In 1991, Ventura had a bit part in the thriller Ricochet. The film, directed by Russell Mulcahy (best known for directing music videos and TV/cable films including the 2005 biopic 3: The Dale Earnhardt Story as well as 1986’s Highlander), stars Denzel Washington who finds himself framed for murder by a sadistic criminal (played by John Lithgow) he arrested years earlier. Ventura played Chewalski, a fellow inmate who meets his end at the hands of Lithgow’s character. In his 2006 Movie Guide, Leonard Maltin called Ricochet a “slick, well-cast, occasionally ugly urban thriller.”

That same year, Ventura was given a starring role as the title character in the B-level sci-fi film Abraxas: Guardian of the Universe. In the film, Ventura’s Abraxas is sent to earth to stop a renegade (played by Sven-Ole Thorsen of Kull The Conqueror and Gladiator) who impregnates an earthly woman in order to produce a child with the power to destroy the universe.

Said to be influenced by the Jack Kirby comic The New Gods, this Canadian-made film was directed by Damian Lee (who later directed “Rowdy” Roddy Piper in 1995’s Terminal Rush and Charles Bronson’s Death Wish V) and featured James Belushi in a small role.

In addition to working with Arnold Schwarzenneger, Ventura also worked with another action movie star in Sylvester Stallone, when he had a bit part as a Cryocon in the 1993 film Demolition Man, which also boasted a cast that included Wesley Snipes, Sandra Bullock and Denis Leary. The film, referred to as a “Frankenstein of action thrillers, since it’s stitched together out of pieces from better movies” by Peter Travers of Rolling Stone, grossed $58,000,000 US.

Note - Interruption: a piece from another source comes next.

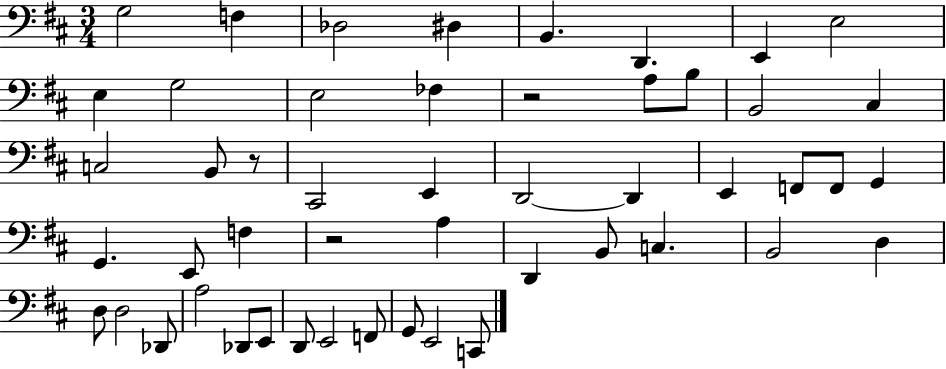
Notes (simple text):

G3/h F3/q Db3/h D#3/q B2/q. D2/q. E2/q E3/h E3/q G3/h E3/h FES3/q R/h A3/e B3/e B2/h C#3/q C3/h B2/e R/e C#2/h E2/q D2/h D2/q E2/q F2/e F2/e G2/q G2/q. E2/e F3/q R/h A3/q D2/q B2/e C3/q. B2/h D3/q D3/e D3/h Db2/e A3/h Db2/e E2/e D2/e E2/h F2/e G2/e E2/h C2/e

In 1993, Ventura had a bit part in the film Living and Working in Space: the Countdown Has Begun. An educational comedy comprised of various sketches showing what life could be like in space, Ventura was billed as “DMV Testee”. The late Pat Morita, Kathy Bates, Esai Morales and “Weird Al” Yankovic also appeared in the little-known straight-to-video film.

In the 1994 film Major League II, Ventura would have a most unique role. Jesse played himself as an actor, being the co-star to Willy Mays Hayes (Omar Epps) in the action movie-within-a movie Black Hammer, White Lightning. Ventura never made a proper appearance in the film and is only seen as Hayes and Jake Taylor (Tom Berenger) watch a clip of the movie on television.

In 1997, Ventura worked with friend Schwarzenegger again, this time with a bit part as an Arkham Asylum Guard in Batman and Robin. The film, directed by Joel Schumacher (who had directed 1995’s Batman Forever), also starred George Clooney, Uma Thurman and Chris O’Donnell in much larger roles, as well as fellow wrestler, the late Jeep Swenson as villain Bane. Ventura’s role in the film was small but Batman and Robin reigns as the highest grossing film (at over $107 million) of any in Ventura’s filmography.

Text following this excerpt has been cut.